The scientific advice that drove the quota cuts did not materialise from nowhere. The International Council for the Exploration of the Sea—ICES, the body whose recommendations underpin EU catch limits—issued a grave warning in October 2025. The mackerel stock in the North-East Atlantic was in an unsustainable state. The cause was overfishing, principally by non-EU coastal states: Norway, Iceland, and the Faroe Islands, which set their own unilateral quotas. Since 2010, ICES found, those unilateral quotas had resulted in catches exceeding scientific advice by an average of 39 per cent. The spawning stock was under significant pressure.
ICES recommended a 70 per cent reduction in the EU's mackerel quota for 2026, a 41 per cent cut to blue whiting, and a 22 per cent reduction in boarfish. Mackerel is Ireland's most valuable stock. In 2025, the Irish mackerel quota was worth €94 million in exports to markets across Europe and Asia. A 70 per cent cut could reduce that value by €66 million in a single year. Ireland holds the largest share of the EU's mackerel quota in the western waters area, so the impact falls disproportionately on Irish boats. Irish fishermen, who had complied with the rules, were being asked to absorb the consequences of other nations' overfishing. This is the other betrayal—the structural one, the one nobody in Brussels quite knows how to fix.
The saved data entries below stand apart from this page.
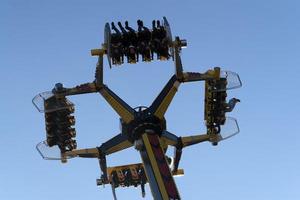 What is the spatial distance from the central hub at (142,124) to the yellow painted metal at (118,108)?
1.19ft

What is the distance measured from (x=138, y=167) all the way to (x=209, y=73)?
873 cm

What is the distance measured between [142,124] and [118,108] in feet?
8.29

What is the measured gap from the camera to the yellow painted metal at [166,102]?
3660cm

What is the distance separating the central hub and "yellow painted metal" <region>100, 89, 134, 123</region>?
1.19ft

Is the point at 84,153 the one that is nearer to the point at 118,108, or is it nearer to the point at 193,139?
the point at 118,108

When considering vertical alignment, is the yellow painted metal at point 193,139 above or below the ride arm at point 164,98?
below

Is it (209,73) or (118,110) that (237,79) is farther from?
(118,110)

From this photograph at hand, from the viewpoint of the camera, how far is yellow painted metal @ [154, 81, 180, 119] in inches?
1441

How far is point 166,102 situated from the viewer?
37.5 meters

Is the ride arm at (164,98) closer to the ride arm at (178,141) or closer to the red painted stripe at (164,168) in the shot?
the ride arm at (178,141)

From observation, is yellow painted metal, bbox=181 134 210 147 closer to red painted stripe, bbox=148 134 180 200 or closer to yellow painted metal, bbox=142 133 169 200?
red painted stripe, bbox=148 134 180 200

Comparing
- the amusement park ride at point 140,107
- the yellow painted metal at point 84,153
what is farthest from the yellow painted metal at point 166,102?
the yellow painted metal at point 84,153

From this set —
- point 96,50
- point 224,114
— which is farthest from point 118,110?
point 224,114

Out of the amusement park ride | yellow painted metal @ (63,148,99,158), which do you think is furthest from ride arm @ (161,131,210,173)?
yellow painted metal @ (63,148,99,158)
Two days after the December Council concluded, the situation acquired a quality that might, in other circumstances, be comic. The UK, Norway, Iceland, and the Faroe Islands signed a four-state agreement on mackerel that set a total allowable catch 72 per cent higher than the level recommended by scientists. They did so without consulting the European Union. On Christmas Eve, the European Commission issued a statement describing itself as "deeply concerned," which is the institutional equivalent of shouting. Irish fishermen, who are not institutions, used plainer language.
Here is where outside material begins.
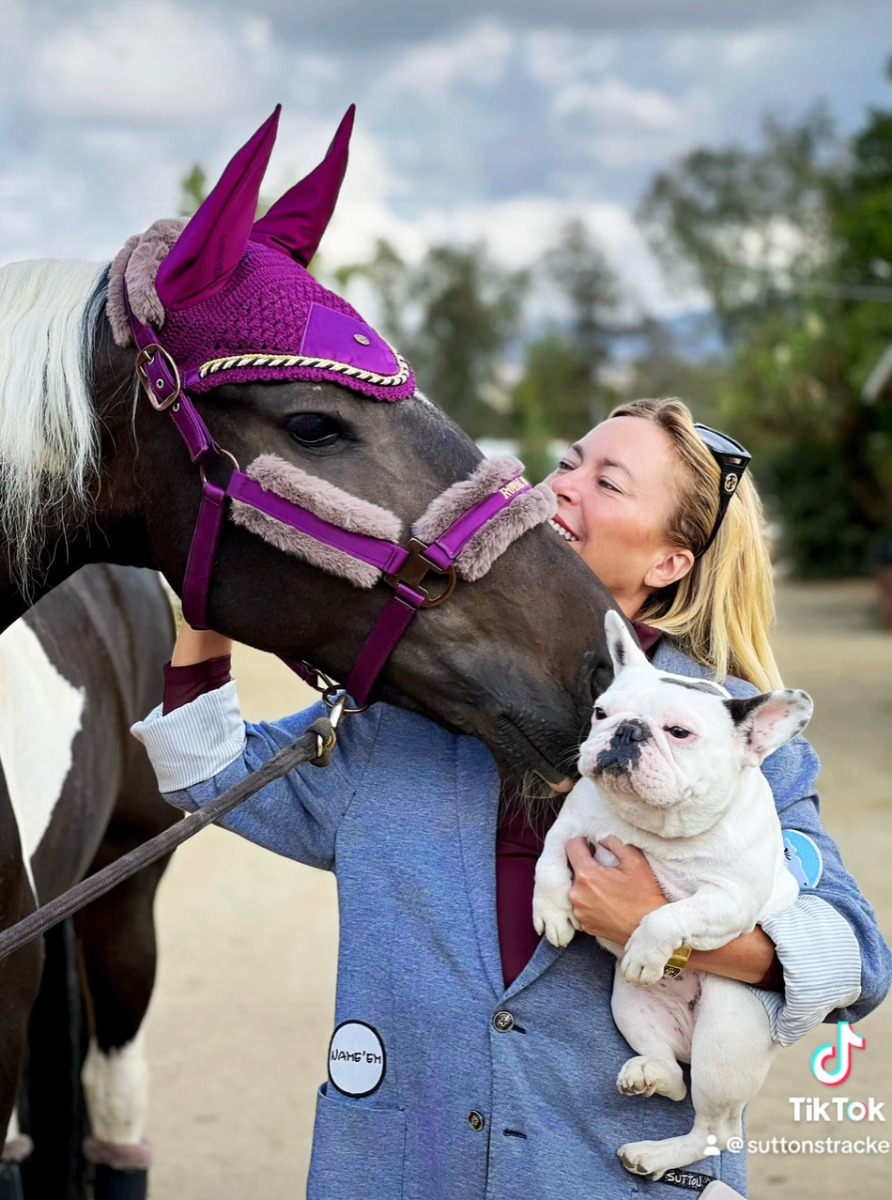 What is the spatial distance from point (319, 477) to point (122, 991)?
2.35 m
The headlines, when they appeared at all, tended to focus on the pelagic fleet—the large vessels that pursue mackerel and blue whiting in deep water. These are the boats with names you see on the sides of processing plants. But the knock-on effects reach much further down, into a world that rarely makes the news.
The inshore sector—the small boats that fish for crab, lobster, and whelk close to shore, the currachs and half-deckers and open boats that work the harbours and headlands of the western seaboard—depends on mackerel and blue whiting for bait. Patrick Murphy of the Irish South and West Fish Producers Organisation made this point explicitly: as pelagic quotas collapse and the price of these species rises, bait becomes either unaffordable or unavailable. The inshore fleet, which accounts for the majority of direct employment in Ireland's fishing industry, faces paralysis by proxy. Nobody set out to destroy the lobster boats of Connemara. It is simply what happens when you pull a thread in a system where everything is connected.
In Killybegs, the Killybegs Fishermen's Organisation estimates that the port will lose nearly half of its fishing opportunities in 2026. Ciarán Doherty, a vessel owner and the organisation's chairperson, sat down and did the arithmetic. He would have roughly fourteen to twenty days at sea in the coming year. I will let that settle. A man with a boat and a crew and overheads and a mortgage, looking at a calendar with three hundred and forty-five empty squares. Dominic Rihan, the organisation's chief executive, said next year will be the toughest the industry has ever faced. He did not qualify the statement. He did not say "one of the toughest."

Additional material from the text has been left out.